Employee Benefit Plans, text accompanying note 70 (emphasis added). Also, “the trustee (and other plan fiduciaries, including management personnel acting in fiduciary capacities) should avoid giving advice or recommendations to participants regarding the voting____” Id., text accompanying note 119 (emphasis added).

Unlike the problem of trustees’ dual loyalty, the question of the trustees’ obligations as “election monitors” in a pass through voting situation appears not to be the subject of any case law. It is therefore necessary to draw “relatively specific implications from general statutory provisions.” See Memorandum of the Secretary of Labor as Amicus Curiae Regarding Issues Presented by Motions for Summary Judgment, Harris v. Texas Air, CA No. 87-2057 (D.D.C.) (“DOL Memorandum”), text accompanying note 23. Nevertheless, given the Department of Labor’s position in the CHH Letter, as reiterated in the DOL Memorandum, the basic idea seems simple enough: the trustees

(1) should provide neutral information to the participants explaining what a “pass through” voting right is and how to exercise it;
(2) should not advise the participants on how to vote (the participants are, after all, exercising ostensibly “independent” control over their allocated shares);
(3) should ensure that the participants receive sufficient accurate information to make an intelligent voting decision; and
(4) when asked to forward information to the participants, should ensure that the information is not false or misleading.

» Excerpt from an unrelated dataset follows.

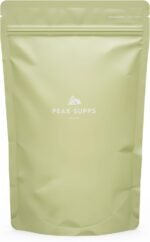 Glycine Powder 250g | Pure L-Glycine | Vegan Friendly, GMO Free - Image 2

That is a rough sketch of the applicable law. No more nuanced or intricate description need be given, because the trastees’ actions in this case constitute a flagrant breach of their fiduciary duties under any conceivable test. There are three trustees of the AMERCO ESOP: Joe Shoen, who is also AMERCO’s President, Chairman of the Board, and a director of the company; Gary B. Horton, who is also treasurer of AMER-CO; and Donald W. Murney, who is also Treasurer of U-Haul International (AMER-CO’s principal subsidiary). Apparently, all or most of the approximately 5,500 participants in the ESOP have the right to direct the trustees how to vote the shares allocated to their individual accounts. The two factions of the Shoen family control, between them, about 95% of the company’s stock. About 5% of the company’s stock is held by outsiders, either as allocated ESOP shares or as shares owned outright by individuals, and will constitute the “swing vote” in the next election. The allocated ESOP shares, though they constitute only about 2.8% of the company’s stock, therefore represent over half of the swing vote (i.e., over half of that 5%), and the ESOP participants will cast crucial votes in the election.

The ESOP trustees, as explained above, were obligated in this situation to provide a neutral explanation of pass through voting; to ensure that the participants received relevant information; and to shield the participants, to the extent possible, from false or misleading information. Contrast these easily satisfied obligations with their actions. The very first thing the trustees did was place the story in the U-Haul News and the insert in the participants’ payroll envelopes. Each of these contained a passable explanation of pass through voting. Each was also, more significantly, a blatant solicitation of the participants’ voting directions on behalf of management. See Rappel Aff. Exs. HH, II. It is worth recalling here that the Department of Labor, in its CHH Letter, took the sensible position that the trustees must ensure that the ESOP participants are not pressured by their employer to vote a certain way. Understandably, it seems never to have occurred to the Department that the trustees themselves would pressure the participants to vote a certain way; apparently, this was beyond the realm of predictable malfeasance. This aspect of the trustees’ conduct constitutes such a clear violation of their duty to ensure “free and fair” pass through voting that, by itself, it justifies removal of the three current trustees and appointment of a neutral trustee in their place.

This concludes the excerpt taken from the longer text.